Local community campaigners and tangata whenua fought staunchly in a voluntary unfunded capacity to defend te mana o te wai (the mauri, health and integrity of water) and the human right to water for everyone’s benefit.  Apparently, our society is OK that those with the least (and who are hurt the most by political decisions to violate their human rights) are using what precious little they have to fight the ‘good fight’.  Therefore, I grieve for the fact that, despite such dedicated flaxroots efforts, our iwi authority (who, in trust on our behalf, manages significant assets belonging to We, The People) remained ‘neutral’ and declined to visibly and actively support us.

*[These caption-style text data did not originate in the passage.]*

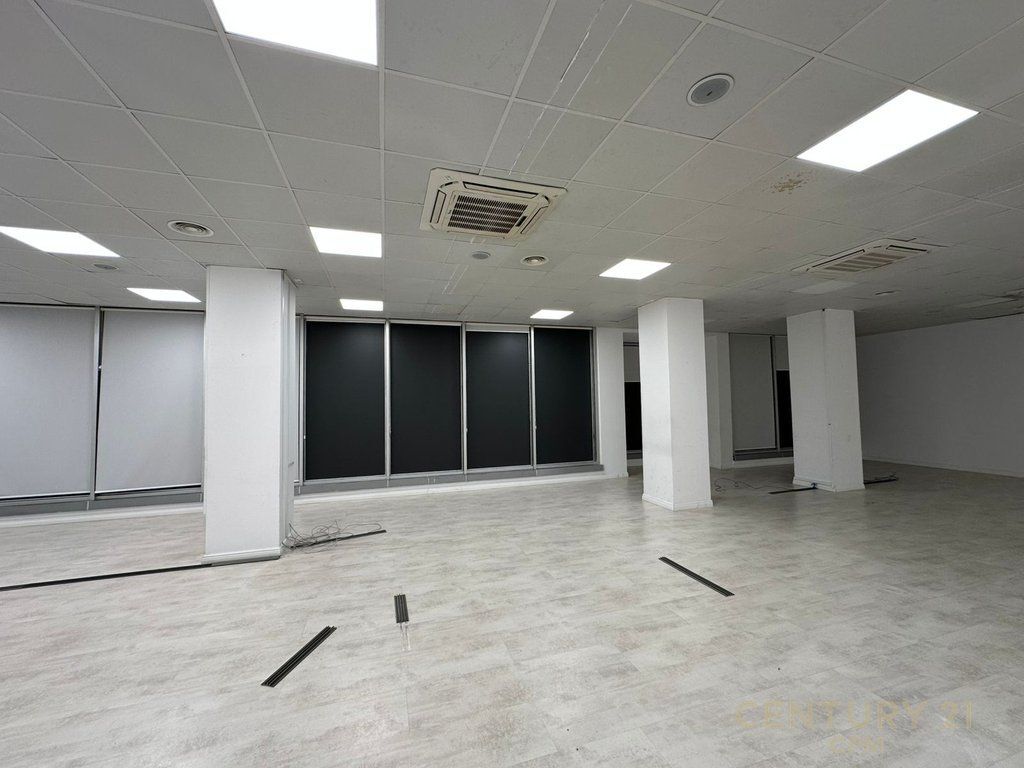 Ambient Per Qira Ne Bllok! 7,300 € /Muaj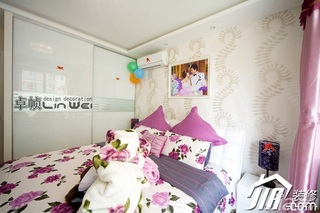 简约风格公寓奢华暖色调富裕型卧室床图片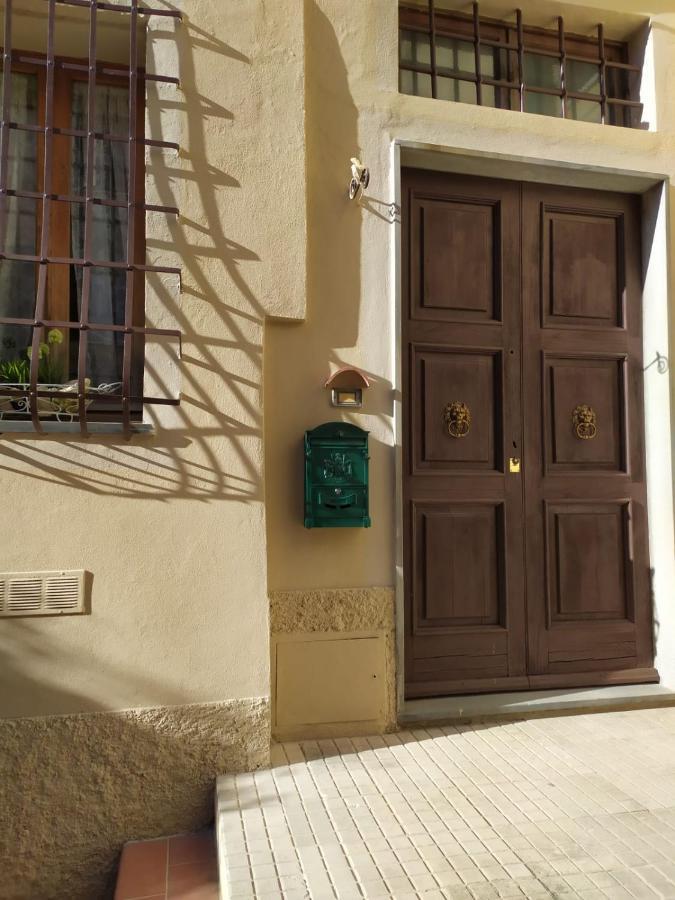 Вилла Borgo Antico Лари Экстерьер фото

But understand: there is in truth no ‘neutral’.  Neutrality (so-called) means you’re not actively seeking change. On the contrary, you’re siding with the status quo – in this case the industrial horticultural extraction of water from our aquifer for private corporate profit (which is why, incidentally, I mourn whānau who don’t vote under a corrupt government, because their non-voting helps maintain that same government in power).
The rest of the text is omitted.